Sunday, June 17, 2012

Hunting the silent ESX disk murderer

...or how your old ESX servers that boot from SAN can be creating disk bottlenecks while collecting statistics

State of things

VMware ESX 4.1 cluster with 25 hosts. These hosts do not have local disks, they BOOT from SAN. All of them boot from the same arry that also hosts 200 virtual machines. The array has about 200 disks but despite that it is optimally set up regarding the SAN SATP/PSP, it can not cope with the IO traffic generated by the virtual machines, the backup system and the service console of ESX hosts. At times it is so bad that some processes such as Storage VMotion timeout.

Analyzing which virtual machines and datastores generate most of the IO activity, I see using the vSphere Client that the boot datastores have a sustained write from about 700 to 1000 KB/s. This raises my concern: why the hell are ESX hosts constantly writing to disk such amount of data?
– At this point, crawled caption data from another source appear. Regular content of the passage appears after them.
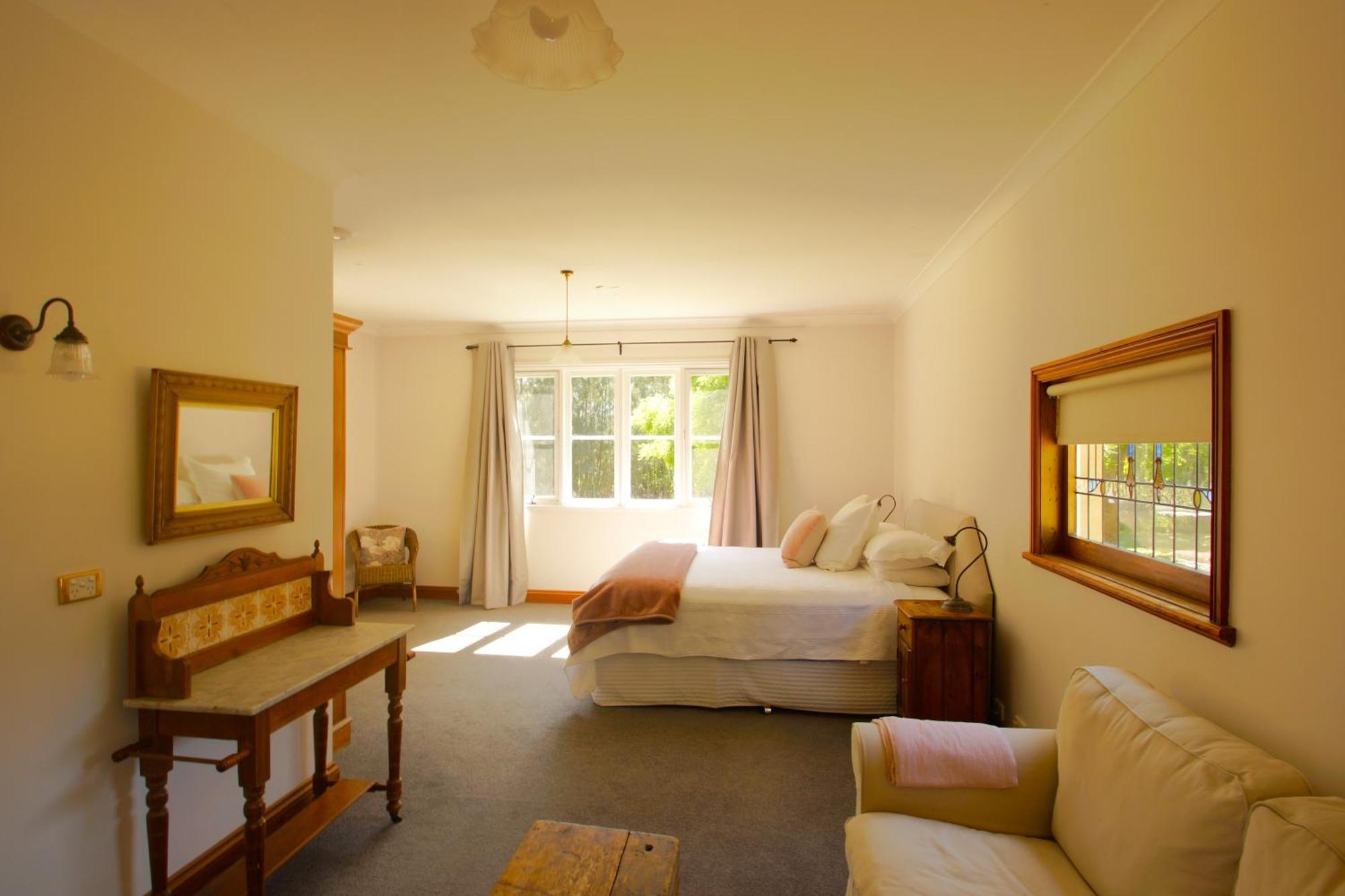 The Carriages Boutique Hotel And Vineyard Pokolbin Exterior foto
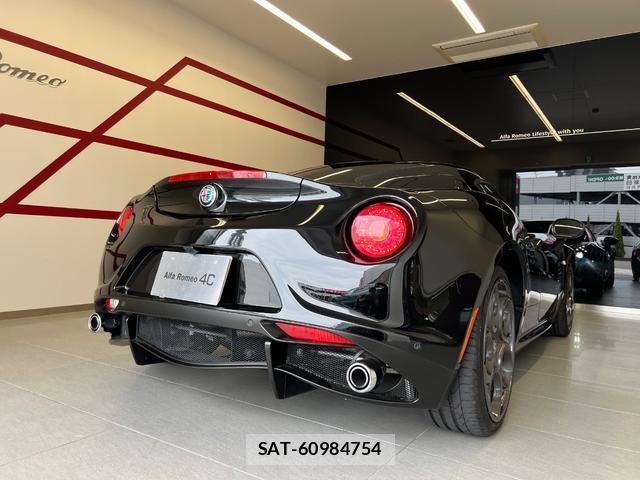 ALFA ROMEO 4C 2021-07 8648741-13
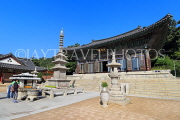 South Korea, SEOUL, Bongeunsa Temple, Daewoongjeon (main Buddha hall), SK837JPL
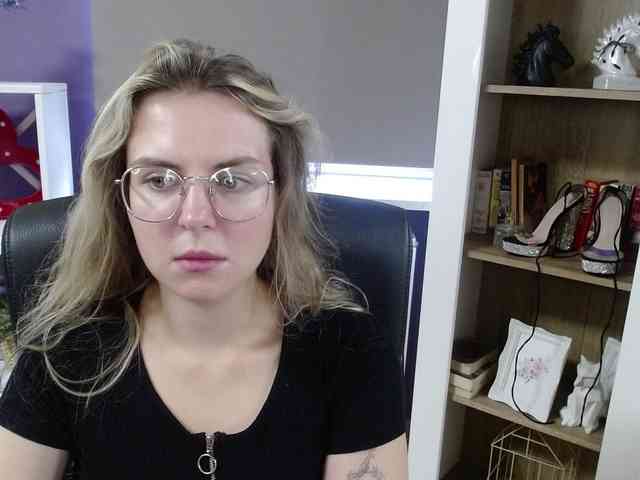 Soft-Zoey webcam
It is not a lot of IO load, but multiplied by 25 on an array that is collapsing, it is significant and worth to remove in order to improve the overall performance of the system.

Eacho boot LUN is only presented to its own host and its datastores therefore only host the local service console. So this write activity must come from the service console.

Who is the murderer?

The service console is not swapping at all, with a good amount of free memory. So there is no lack of memory and no trashing in it.

In the service console I run my favorite command: vmstat 1
Surprisingly the figures of the  "bo" variable (disk writes, in KB) are not high. Seeing it in more detail, two or three times a minute there is a burst write, say around 20 MB, but most times little or nothing is written.

My beloved esxtop matched vmstat results: the LUN has only burst writes made by the world 4096 (the service console)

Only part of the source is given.